==== Data provided

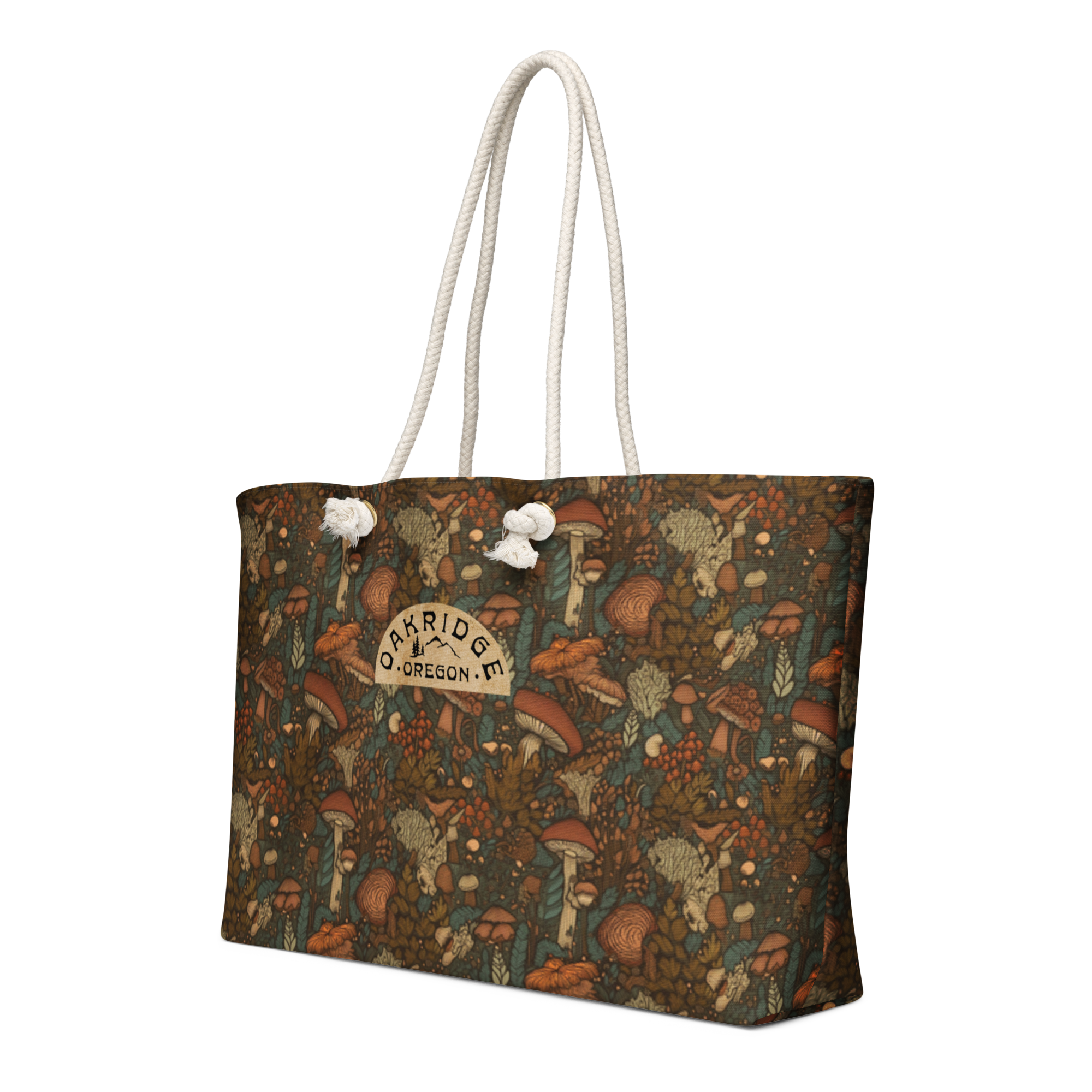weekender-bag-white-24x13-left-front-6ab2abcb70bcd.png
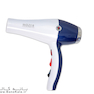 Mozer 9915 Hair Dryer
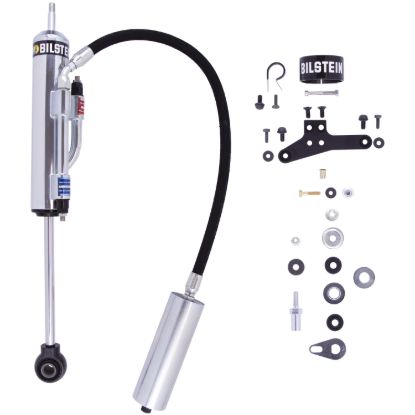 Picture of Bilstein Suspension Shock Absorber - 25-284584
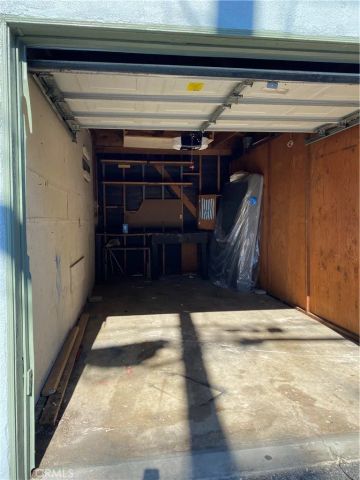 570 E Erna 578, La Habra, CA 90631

========
==== Data provided

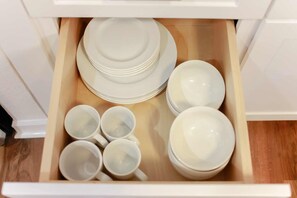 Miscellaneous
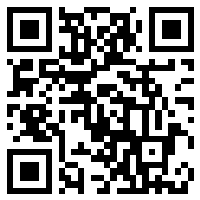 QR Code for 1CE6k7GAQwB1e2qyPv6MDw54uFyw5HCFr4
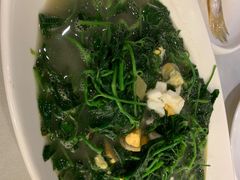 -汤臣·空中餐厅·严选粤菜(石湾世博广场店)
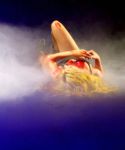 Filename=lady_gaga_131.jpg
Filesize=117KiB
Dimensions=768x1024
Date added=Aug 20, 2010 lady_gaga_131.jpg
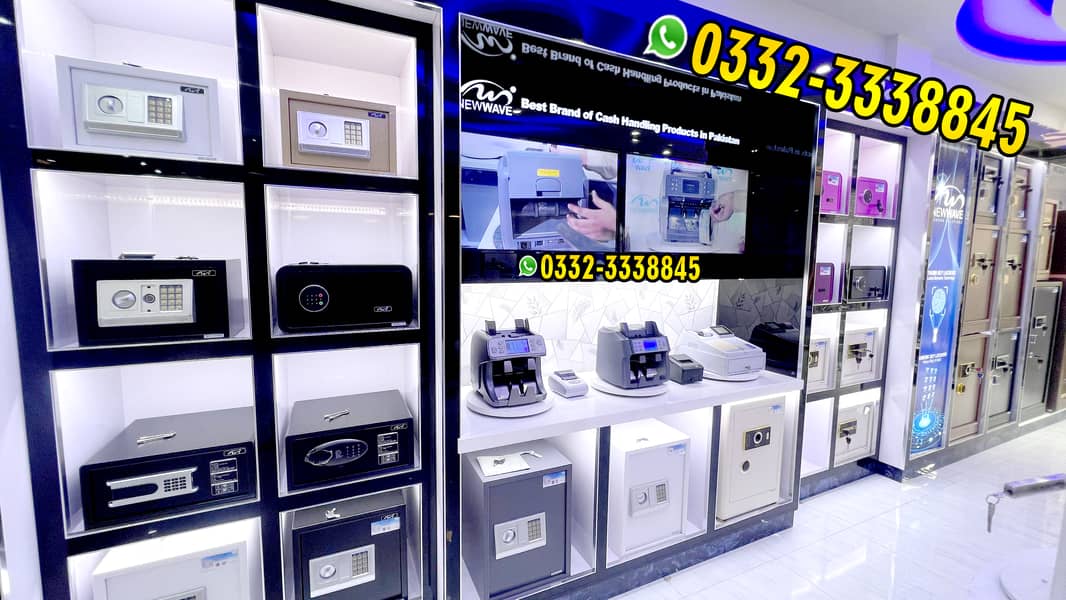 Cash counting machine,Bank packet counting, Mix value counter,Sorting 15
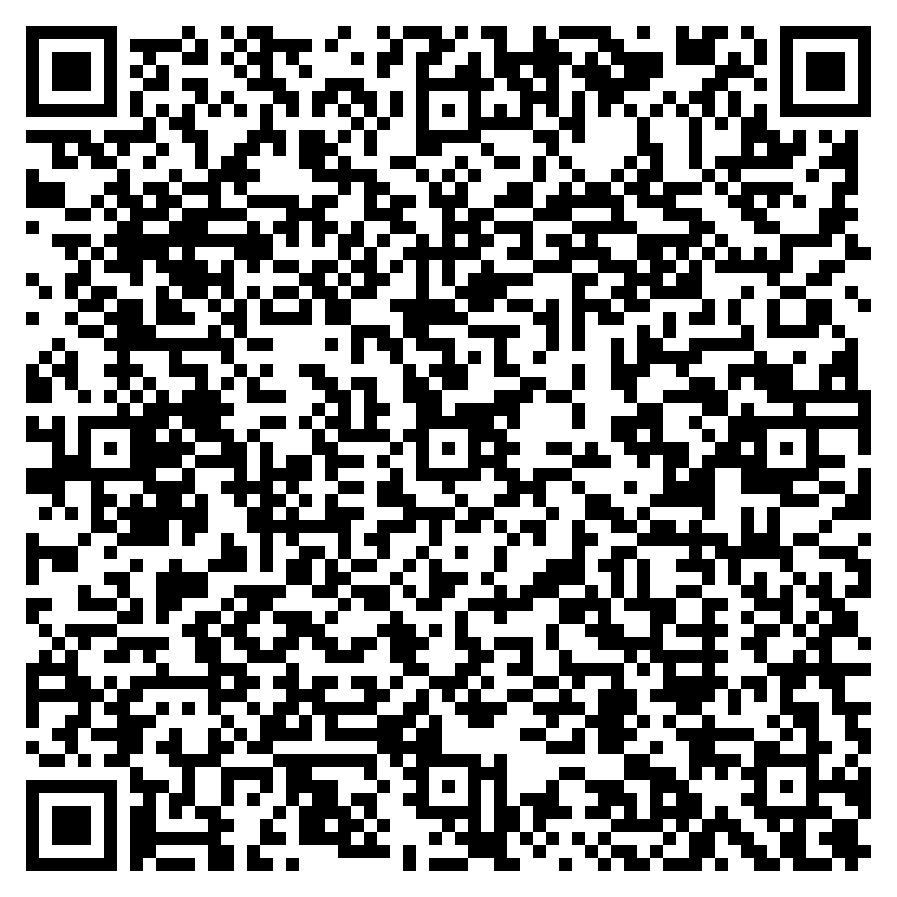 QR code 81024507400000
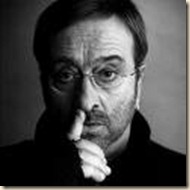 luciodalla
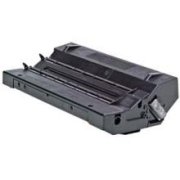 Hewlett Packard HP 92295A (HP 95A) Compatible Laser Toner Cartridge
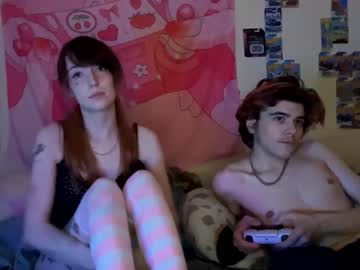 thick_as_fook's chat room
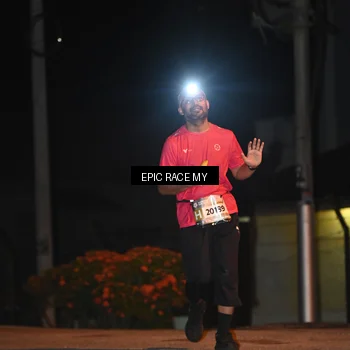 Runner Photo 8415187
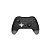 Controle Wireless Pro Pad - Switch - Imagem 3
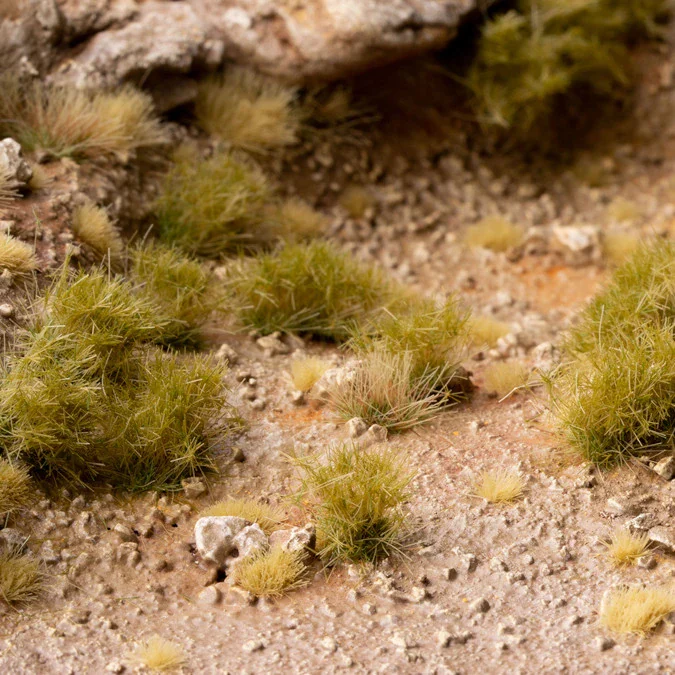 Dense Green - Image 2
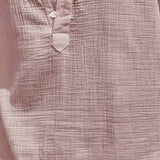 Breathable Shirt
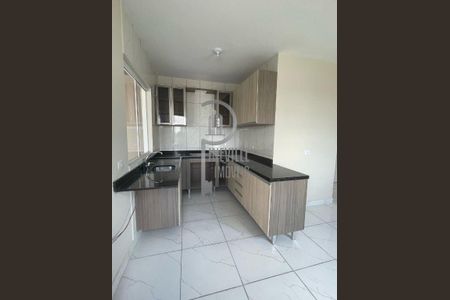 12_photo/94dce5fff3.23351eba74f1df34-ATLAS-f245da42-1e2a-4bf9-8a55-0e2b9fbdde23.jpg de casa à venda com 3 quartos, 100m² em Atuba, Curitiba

========
==== Data provided

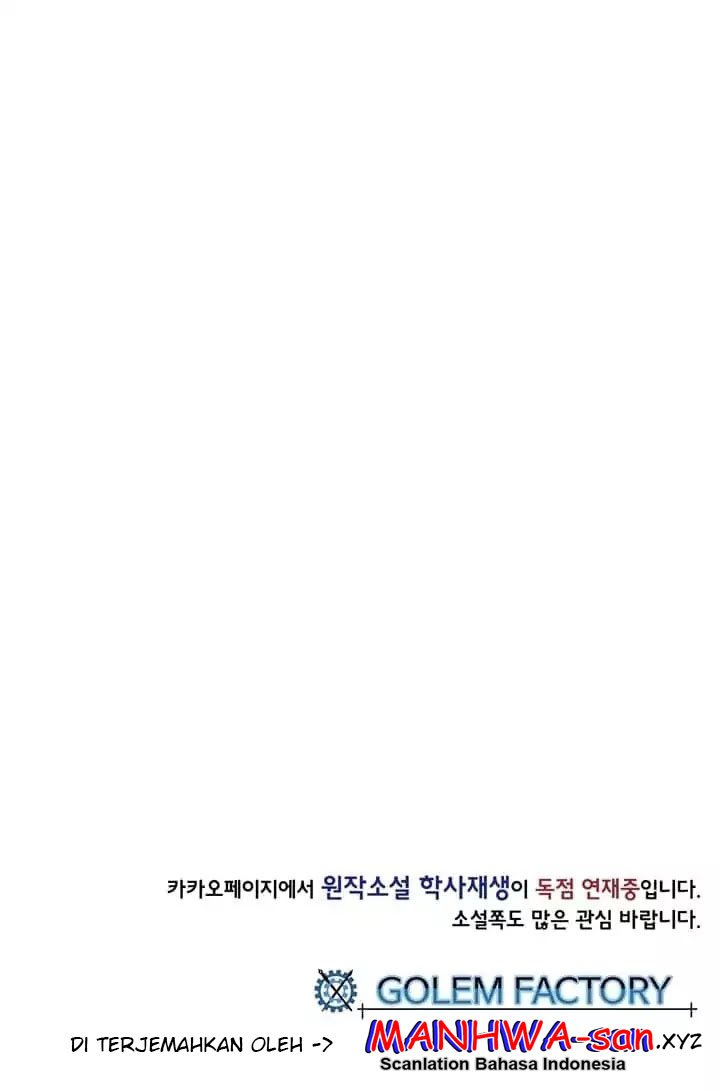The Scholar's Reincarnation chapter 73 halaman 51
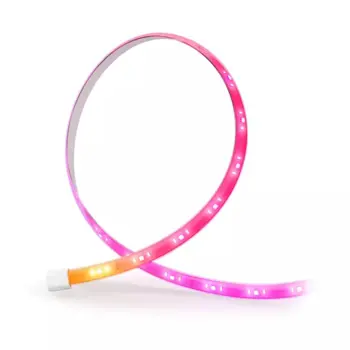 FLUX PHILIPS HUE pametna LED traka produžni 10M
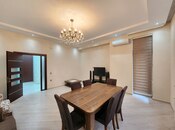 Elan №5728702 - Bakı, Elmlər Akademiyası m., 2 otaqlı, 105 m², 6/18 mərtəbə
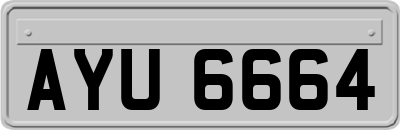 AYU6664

========

● **About this task**: All lines above starting at the one with "weekender-bag-white-24x13-left-front-6ab2abcb70bcd.png" and ending at the one with "570 E Erna 578, La Habra, CA 90631", inclusive, are to be printed again exactly, with the pictures left out.

● **Answer to this exercise**:
weekender-bag-white-24x13-left-front-6ab2abcb70bcd.png
 Mozer 9915 Hair Dryer
 Picture of Bilstein Suspension Shock Absorber - 25-284584
 570 E Erna 578, La Habra, CA 90631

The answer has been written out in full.